● Task goal
Please repeat exactly the lines below from the one containing "Freya Black Molded" down to the one containing "Serta queen bed with luxury linens", both included, and nothing else.

● Web page caption snippets
···

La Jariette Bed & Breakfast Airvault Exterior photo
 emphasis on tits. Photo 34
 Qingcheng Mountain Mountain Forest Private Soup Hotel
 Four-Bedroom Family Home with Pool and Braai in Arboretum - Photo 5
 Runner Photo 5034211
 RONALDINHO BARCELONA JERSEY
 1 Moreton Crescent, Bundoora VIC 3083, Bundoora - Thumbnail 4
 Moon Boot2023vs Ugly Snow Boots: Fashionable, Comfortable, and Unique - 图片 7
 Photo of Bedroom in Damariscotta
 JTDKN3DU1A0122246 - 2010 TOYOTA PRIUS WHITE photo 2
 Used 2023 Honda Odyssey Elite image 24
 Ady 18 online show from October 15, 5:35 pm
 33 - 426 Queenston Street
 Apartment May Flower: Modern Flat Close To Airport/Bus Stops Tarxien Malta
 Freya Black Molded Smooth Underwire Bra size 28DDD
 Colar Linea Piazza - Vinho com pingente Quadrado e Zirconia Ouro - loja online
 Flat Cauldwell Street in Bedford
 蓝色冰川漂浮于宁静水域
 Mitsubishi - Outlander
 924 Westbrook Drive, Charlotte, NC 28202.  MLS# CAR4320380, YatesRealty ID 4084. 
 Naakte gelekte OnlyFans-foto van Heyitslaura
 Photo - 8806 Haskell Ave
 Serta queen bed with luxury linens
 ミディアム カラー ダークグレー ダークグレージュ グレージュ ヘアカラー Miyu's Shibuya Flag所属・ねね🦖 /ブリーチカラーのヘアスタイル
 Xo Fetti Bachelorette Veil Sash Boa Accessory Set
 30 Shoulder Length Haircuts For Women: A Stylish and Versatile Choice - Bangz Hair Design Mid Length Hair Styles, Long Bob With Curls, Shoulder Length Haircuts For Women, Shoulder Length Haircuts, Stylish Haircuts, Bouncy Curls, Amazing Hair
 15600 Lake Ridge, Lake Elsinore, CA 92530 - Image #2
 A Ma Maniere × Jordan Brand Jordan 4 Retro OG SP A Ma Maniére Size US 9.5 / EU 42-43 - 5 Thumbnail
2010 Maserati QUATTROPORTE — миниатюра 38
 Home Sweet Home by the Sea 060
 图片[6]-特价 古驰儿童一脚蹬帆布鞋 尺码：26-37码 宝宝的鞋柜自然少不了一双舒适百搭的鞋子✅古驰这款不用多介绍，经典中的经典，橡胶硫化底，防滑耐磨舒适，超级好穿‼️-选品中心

···

● Reply to the exercise
 Freya Black Molded Smooth Underwire Bra size 28DDD
 Colar Linea Piazza - Vinho com pingente Quadrado e Zirconia Ouro - loja online
 Flat Cauldwell Street in Bedford
 蓝色冰川漂浮于宁静水域
 Mitsubishi - Outlander
 924 Westbrook Drive, Charlotte, NC 28202.  MLS# CAR4320380, YatesRealty ID 4084. 
 Naakte gelekte OnlyFans-foto van Heyitslaura
 Photo - 8806 Haskell Ave
 Serta queen bed with luxury linens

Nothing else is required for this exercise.